=== Section Start ===

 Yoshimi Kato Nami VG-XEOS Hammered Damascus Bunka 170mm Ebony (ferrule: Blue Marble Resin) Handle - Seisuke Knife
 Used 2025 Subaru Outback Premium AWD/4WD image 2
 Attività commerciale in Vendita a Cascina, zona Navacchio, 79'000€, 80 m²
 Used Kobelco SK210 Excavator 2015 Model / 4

=== Section End ===
=== Section Start ===

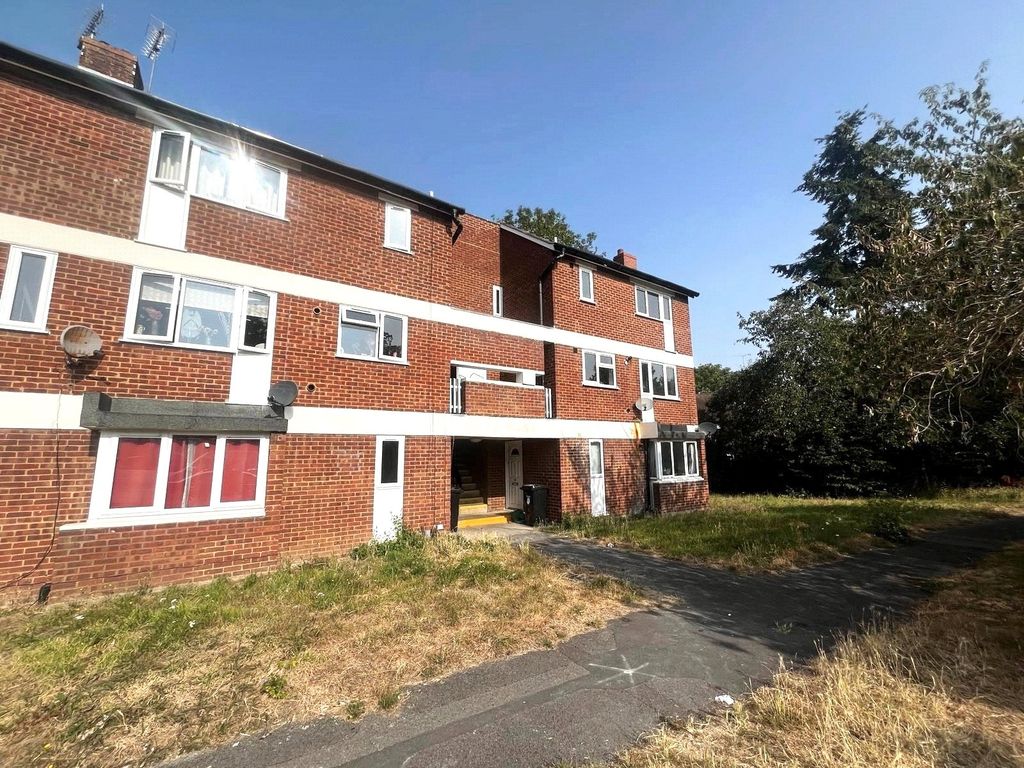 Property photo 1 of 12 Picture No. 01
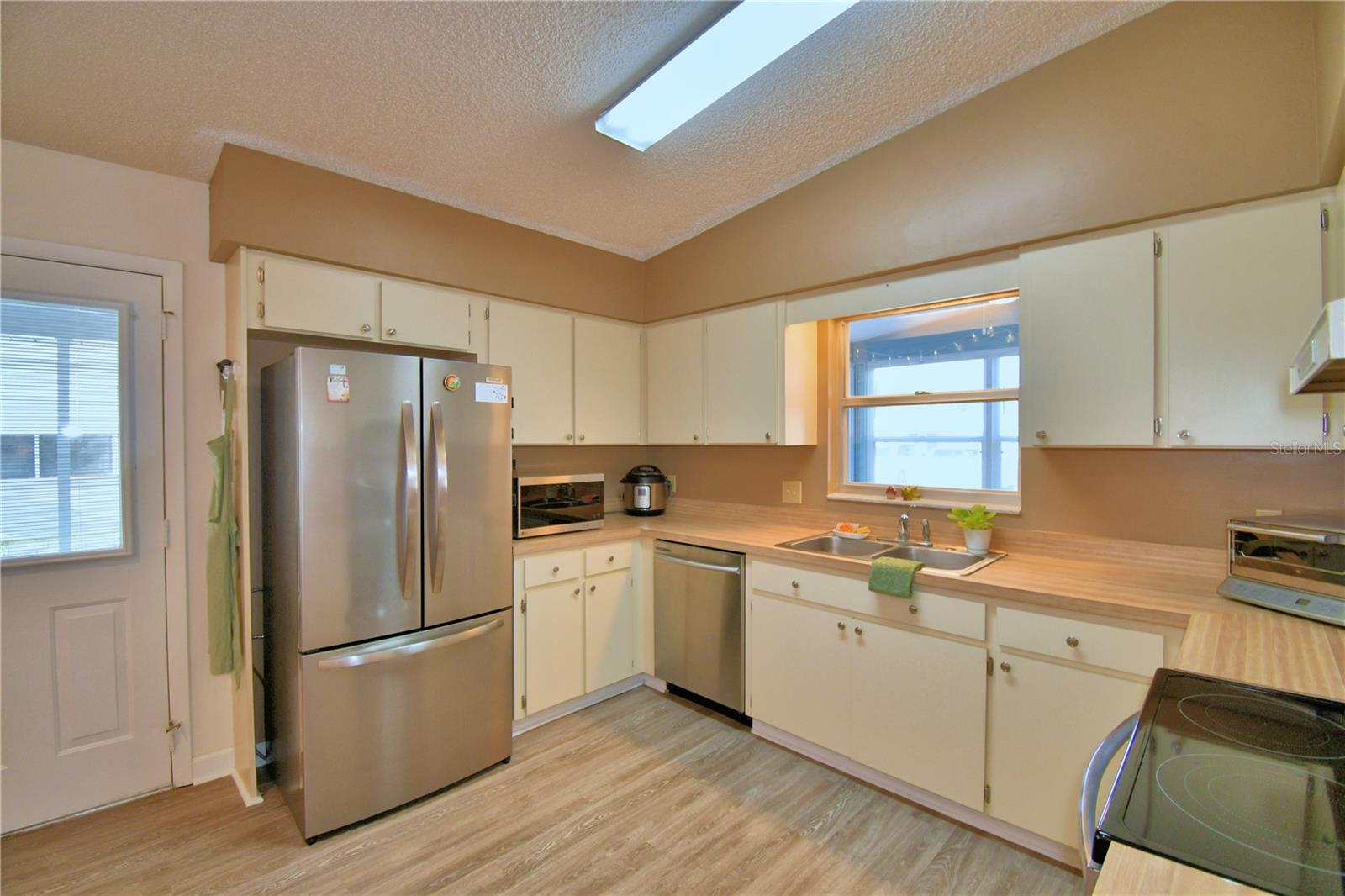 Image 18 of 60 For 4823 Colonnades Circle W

=== Section End ===
=== Section Start ===

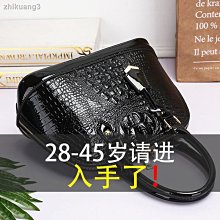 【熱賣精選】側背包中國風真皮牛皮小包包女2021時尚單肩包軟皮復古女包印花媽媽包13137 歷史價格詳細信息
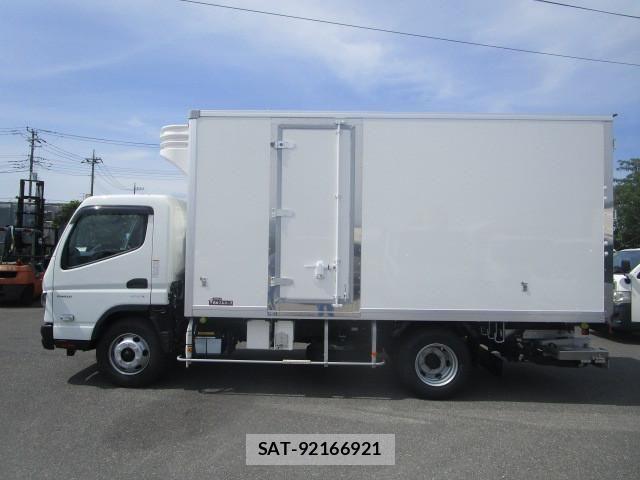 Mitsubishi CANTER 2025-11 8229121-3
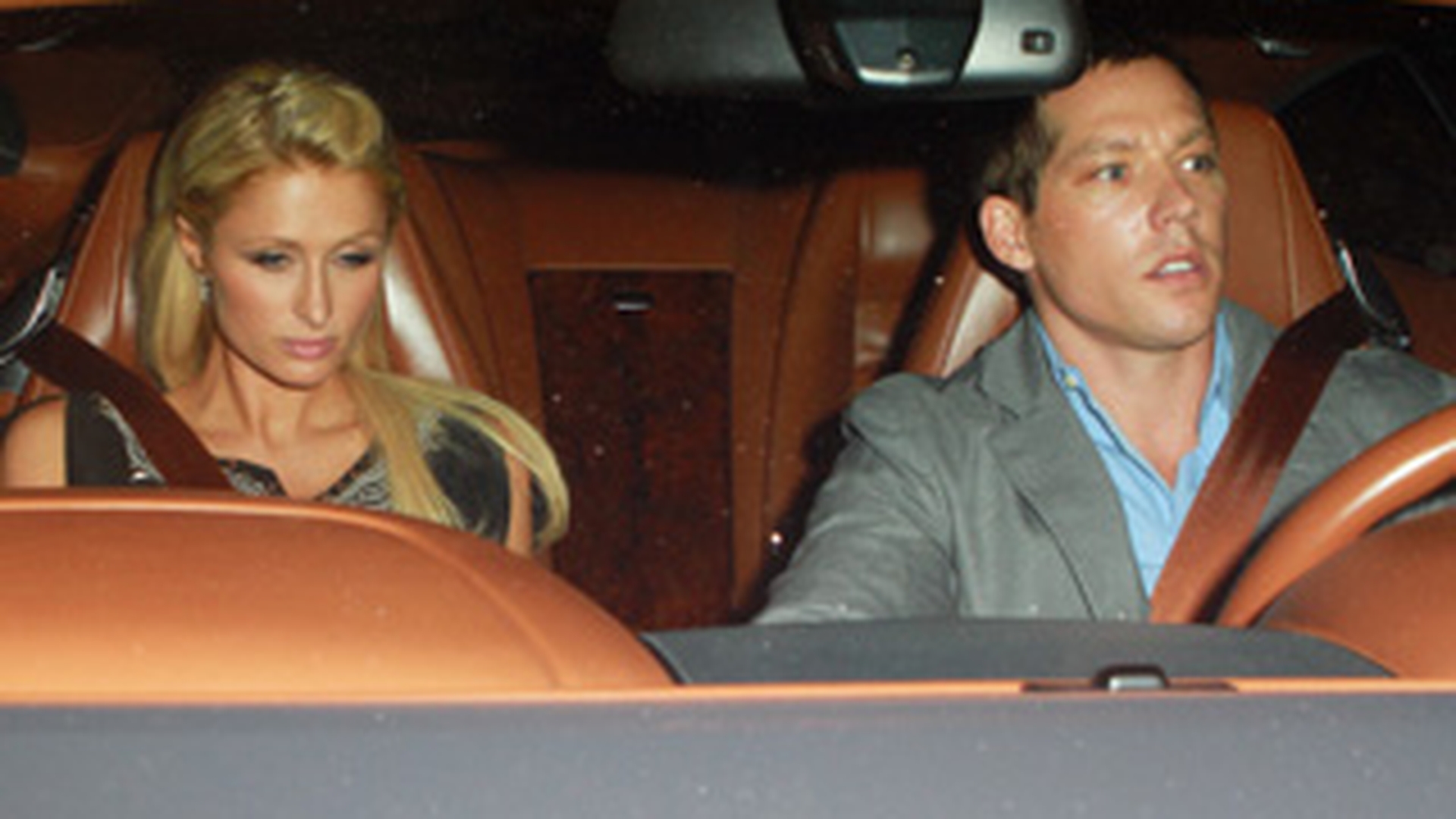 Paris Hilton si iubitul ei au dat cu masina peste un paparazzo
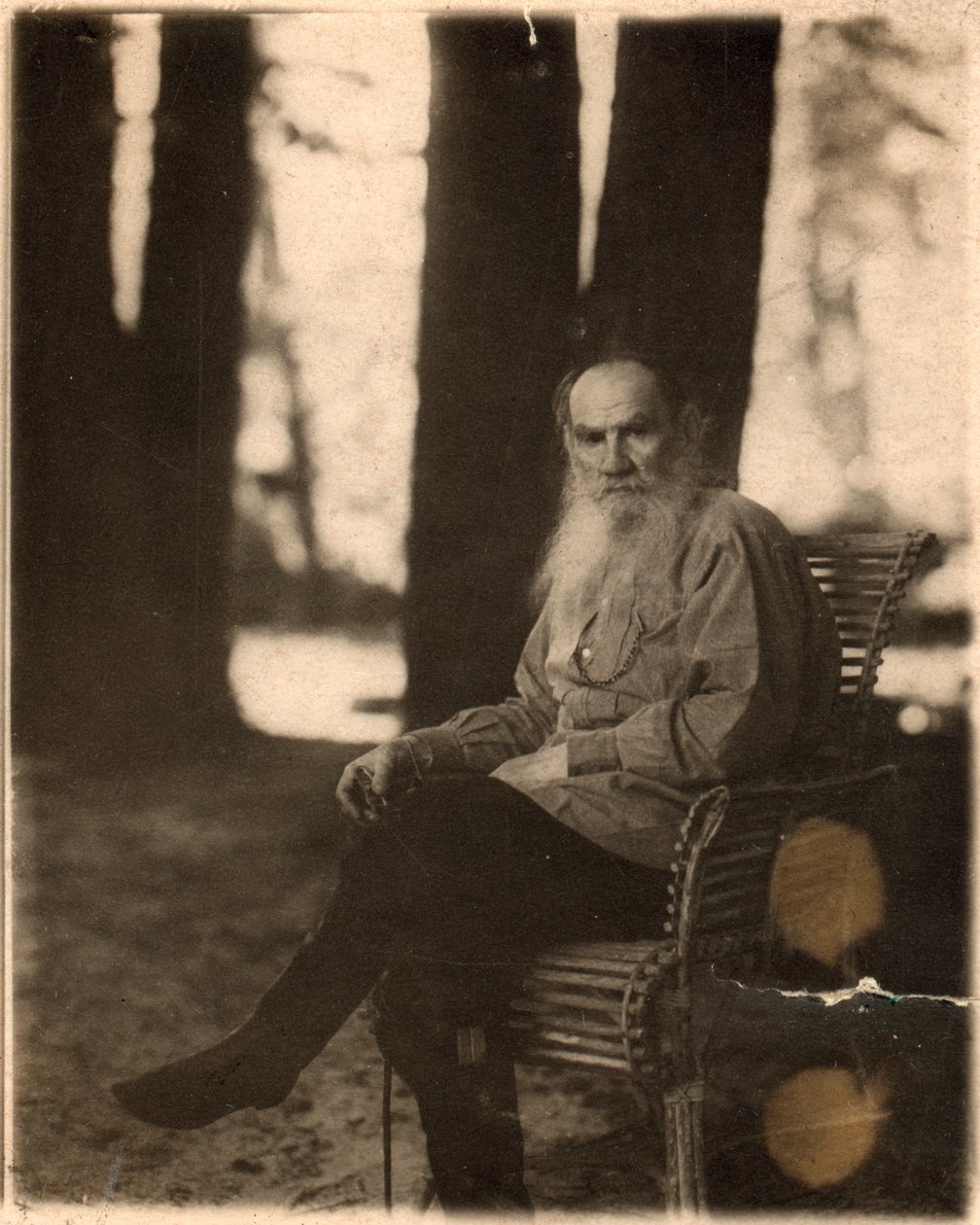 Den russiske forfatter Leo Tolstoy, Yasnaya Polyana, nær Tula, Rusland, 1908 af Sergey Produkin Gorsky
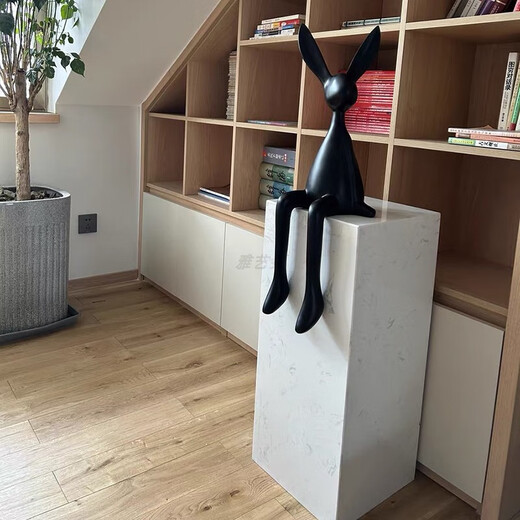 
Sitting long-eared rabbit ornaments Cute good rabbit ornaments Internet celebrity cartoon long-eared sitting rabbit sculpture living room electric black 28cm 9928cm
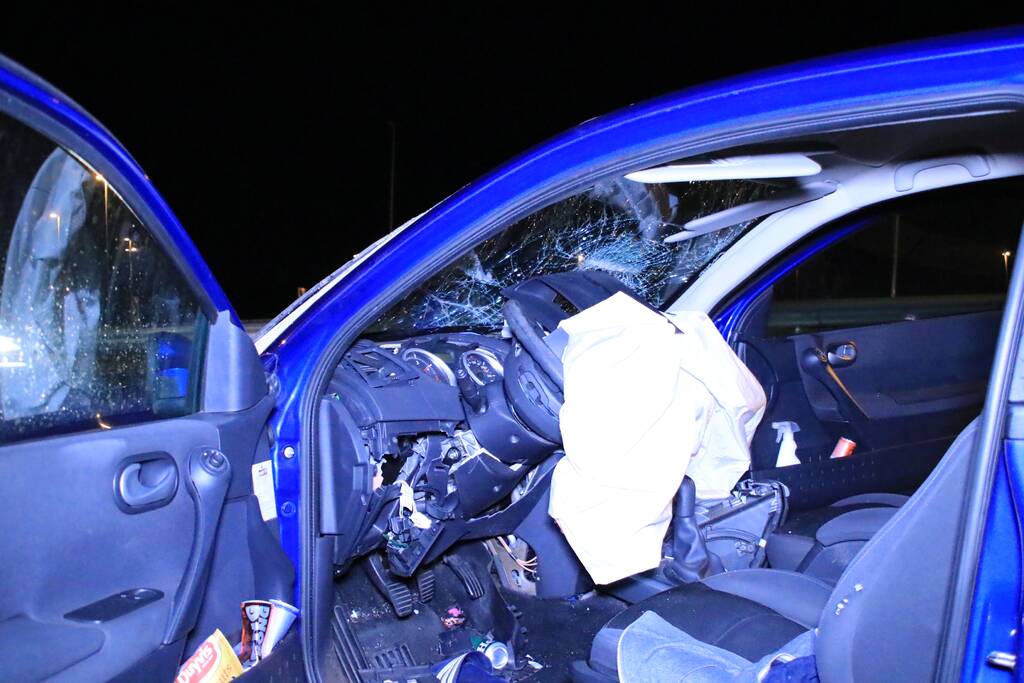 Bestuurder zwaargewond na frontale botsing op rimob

=== Section End ===

# [Exercise goal]
Scan the material above for lines holding "Used" and copy each of them.

# [Response below]
 Used 2025 Subaru Outback Premium AWD/4WD image 2
 Used Kobelco SK210 Excavator 2015 Model / 4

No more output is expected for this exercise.